The History of Us

I feel like I’ve grown up my entire life not really sure about humans. Where did we come from? How did we get to this place? What about other kinds of humans; did they ever exist? Because they were such complex questions, I never really took the time to explore them and find my answers. But lucky for me, the first book selection in my work’s new book club for “millennials” was Sapiens: A Brief History of Humankind by Yuval Noah Harari.

After investing in a hard copy of the book (I didn’t want to wait 2-3 weeks for a paperback version), I was immediately transported thousands of years into the past. While the book focuses on us, homo sapiens (Latin for “wise man”), Harari begins even further back, more than 100,000 years ago, to when we were one of a handful of species in the homo genus that roamed different parts of the earth. The species of humans all had similarities, but what made homo sapiens especially different? Why didn’t the other species of humans make it to this day?

img_2209Harari’s answer: Homo sapiens experienced a “cognitive revolution” about 70,000 years ago that allowed us to collaborate with a large number of people. And while other animals and humans could do this too, homo sapiens developed the ability to come together over shared myths and stories, what we often like to call “higher purposes”. Ideas like freedom, religion, capitalism, human rights, gods, cities, currency, democracy, and more are all possible because homo sapiens developed the cognitive power to envision and articulate concepts that don’t physically exist. These kinds of ideas all exist in our imaginations; yet we’ve created ways of conceptualizing them, communicating them to others, and building consensus for their acceptance among large groups of people. It’s this idea that separated us about 70,000 years ago and it’s at the core of every significant shift in human history since then.

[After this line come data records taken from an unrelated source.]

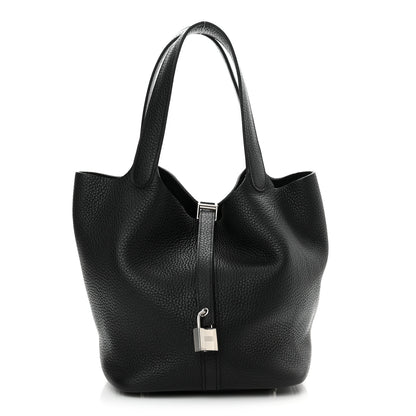 Hermes Taurillon Clemence Picotin Lock 22 MM Black 1 of 11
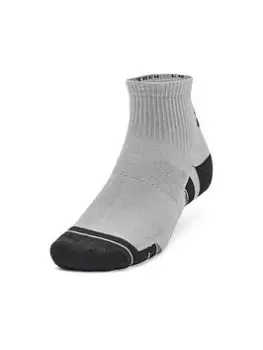 image of Under Armour Performance Tech 3pk Quarter Socks, Grey Size M Men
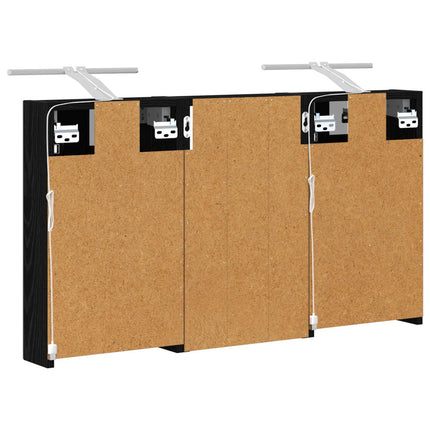 Badeværelsesskabsæt 3 stk. 90 x 10,5 x 50 cm Konstrueret træ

Jumping off from this idea, Harari carefully walks through the major shifts and creations  of the last 70,000 years and its impact on the world. Here are just some of the many topics and questions Harari tackles as important parts of human history:

  1. The cultivation of wheat during the Agricultural Revolution (30,000 years ago) led to great collective success and more humans, but individual pain and suffering
  2. People created “imagined orders” that helped to build empires, states, and religions on the basis of shared norms and values
  3. The first system of writing came about because human brains were not equipped to store large amounts of numerical data
  4. There has always been injustice and oppression of certain groups of people because we are the creators of our societal systems
  5. For all the destruction and doom they’ve brought on people, empires have a fascinating legacy and possible future in the world
  6. About 500 years ago, humans admitted their enormous ignorance and created the Scientific Revolution and the pursuit of progress
  7. There are deep, intrinsic connections between the development of science, industry, capitalism, and empires
  8. In comparison to other time periods, we are in an enormous time of peace

The last couple chapters of the book are as harrowing as they are fascinating. After all of these topics, Harari poses a devastating question: for all of these advances, are we, homo sapiens, any happier than we were 70,000 years ago? There’s not a clear answer, but it really made me think about my own purposes in work and life. Additionally, Harari challenges us to think about the future of our species in the age of incredible scientific advances that may push us beyond the category of actual humans.

I’m grateful for Harari’s bold endeavor to stuff 70,000 years of human history into about 400 pages of fascinating text. The topics and questions presented in Sapiens may be the most important to discuss as our species and world continue our journeys to the future.